To do -
Look below for the line with "adidas Originals Women's"; begin the copy there and stop after the line with "V Safety Your", keeping the text exact and the pictures out.

Records for this exercise -
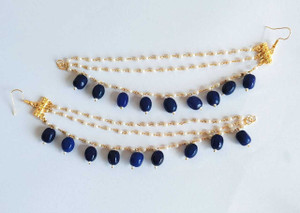 srj indian style beaded hair chain earrings for women  ethnic bridal jewelry beads alloy earring set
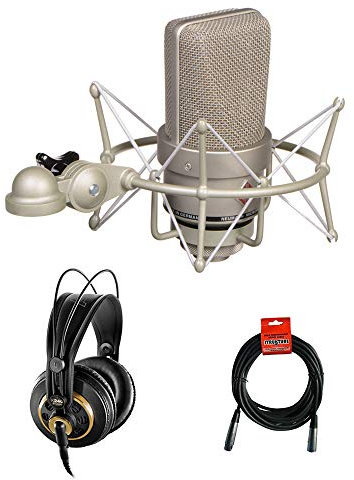 Neumann TLM 103 Condenser Microphone Mono Set (Nickel) with AKG K 240 Studio Pro Headphones & XLR Cable Bundle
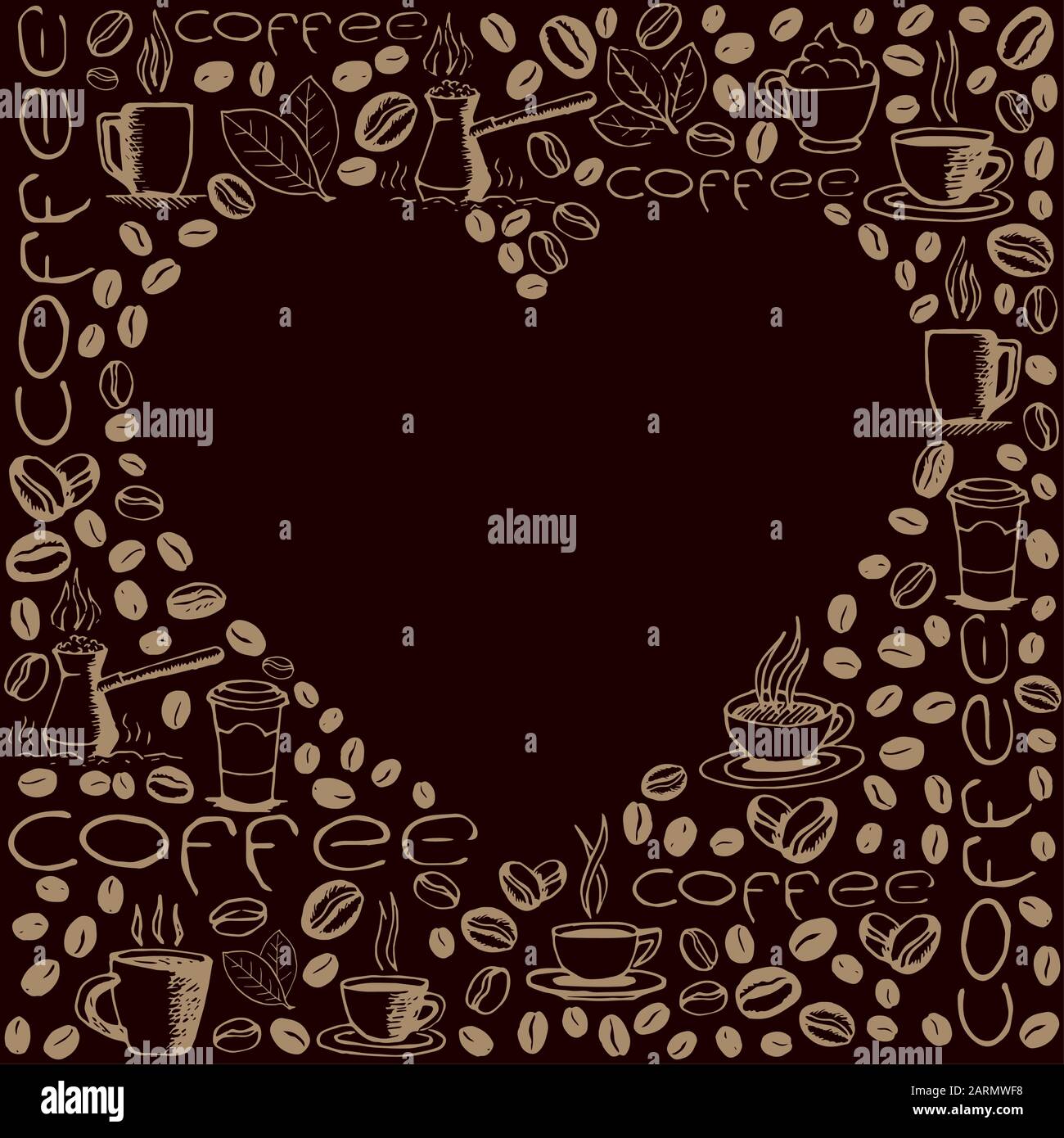 Kaffeesymbole im Hintergrund mit leerer Herzform im Inneren. Handgezeichnetes, skizzenhaftes Muster. Vektor eps8-Abbildung. Stock Vektor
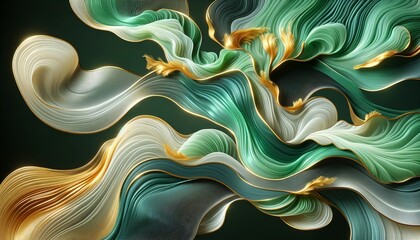 Obraz premium Abstract fluid art piece featuring silk-smooth wave patterns in neon green and gold. The design is elegant and luxurious, with a clean and minimal aesthetic.
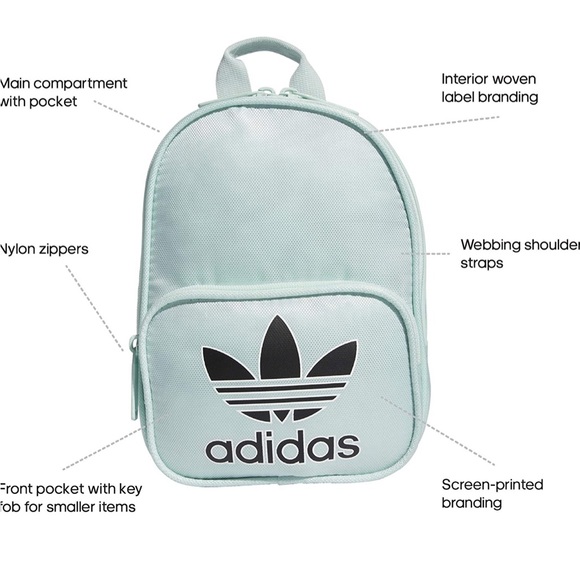 adidas Originals Women's Santiago Mini Backpack, Ice Mint Green, One Size - Picture 2 of 10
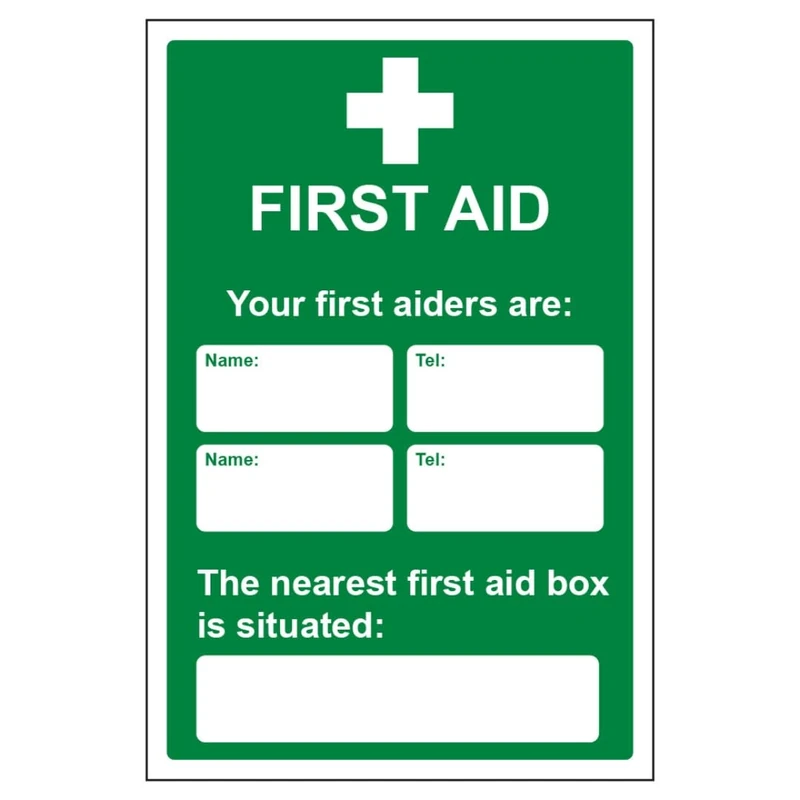 V Safety Your First Aiders Are - Your Nearest First Aid Box 400 x 600 mm - Glow In The Dark 1mm Rigid Plastic Safety Sign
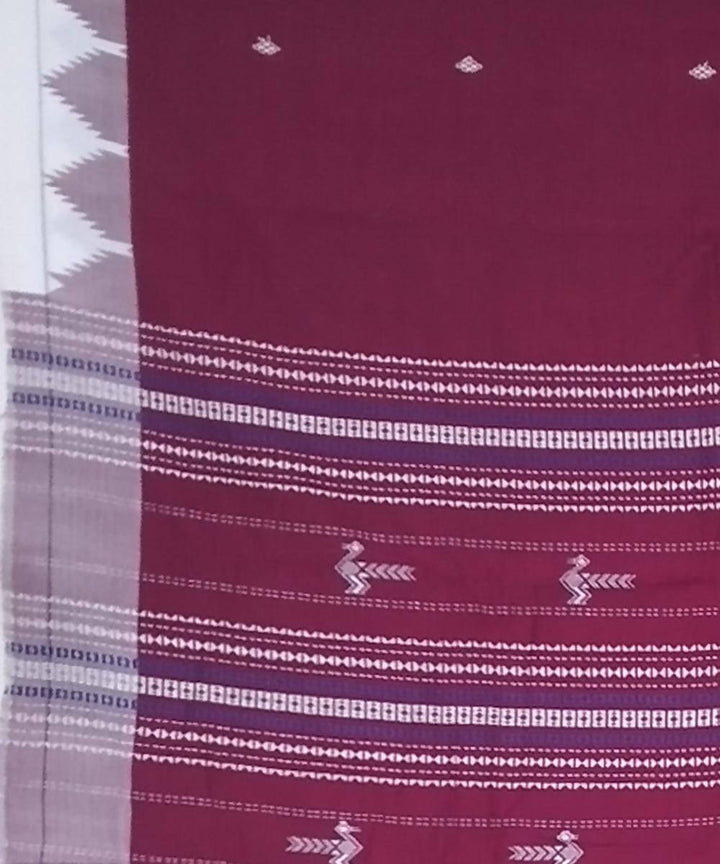 Antique ruby handwoven kotpad cotton saree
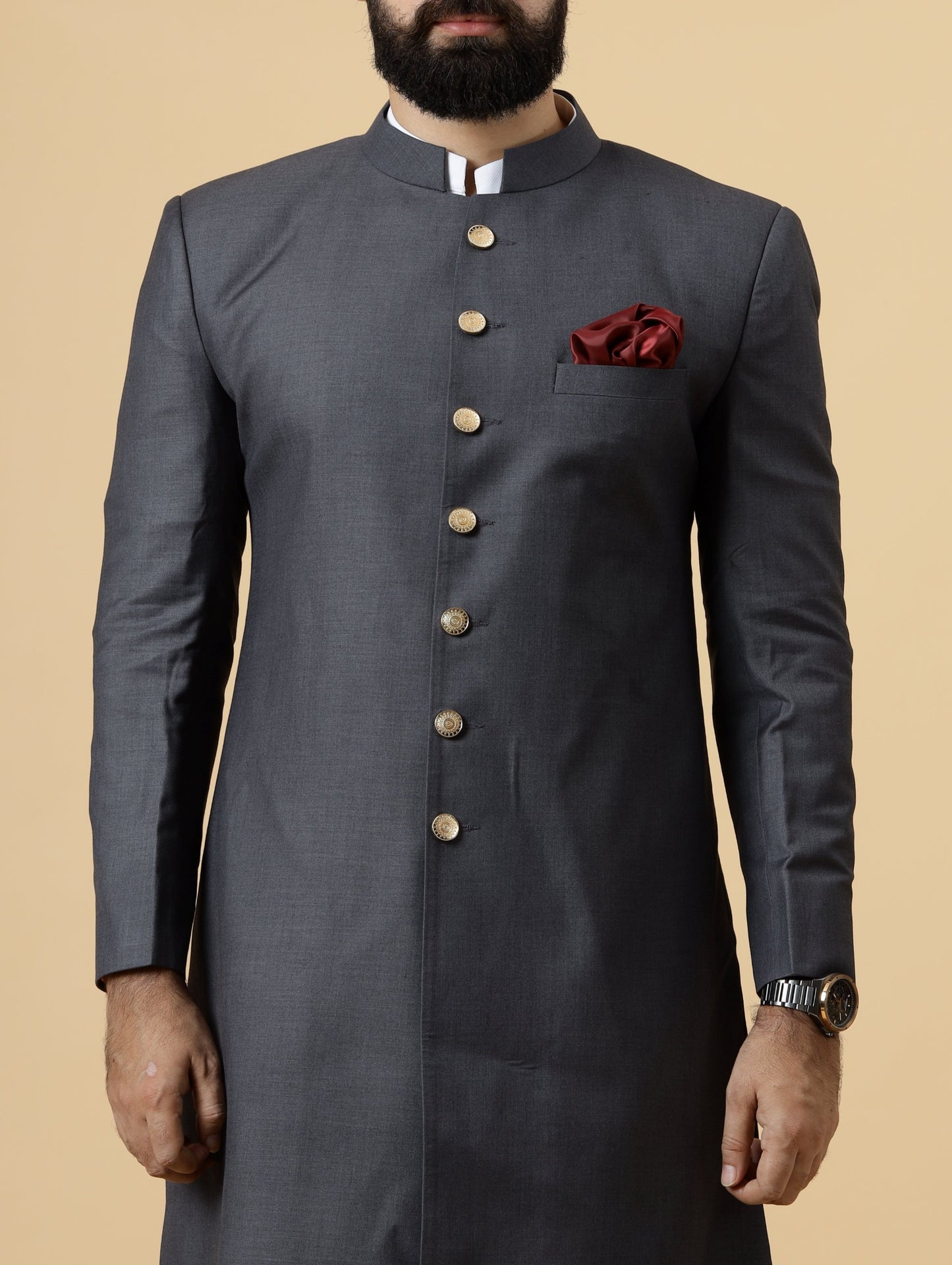 Classic Charcoal Grey Achkan for Men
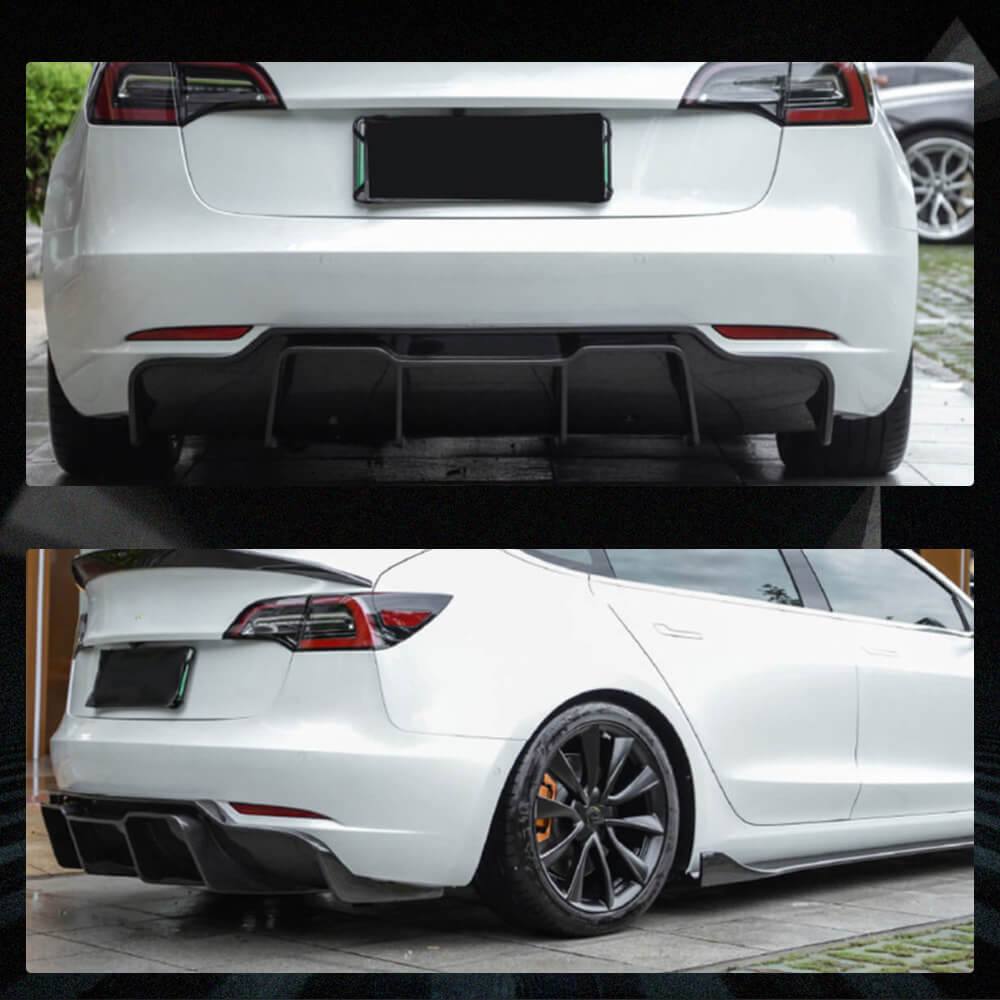 Fits for Tesla Model 3 Sedan 16-22 Carbon Fiber Rear Bumper Diffuser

Completed task -
 adidas Originals Women's Santiago Mini Backpack, Ice Mint Green, One Size - Picture 2 of 10
 V Safety Your First Aiders Are - Your Nearest First Aid Box 400 x 600 mm - Glow In The Dark 1mm Rigid Plastic Safety Sign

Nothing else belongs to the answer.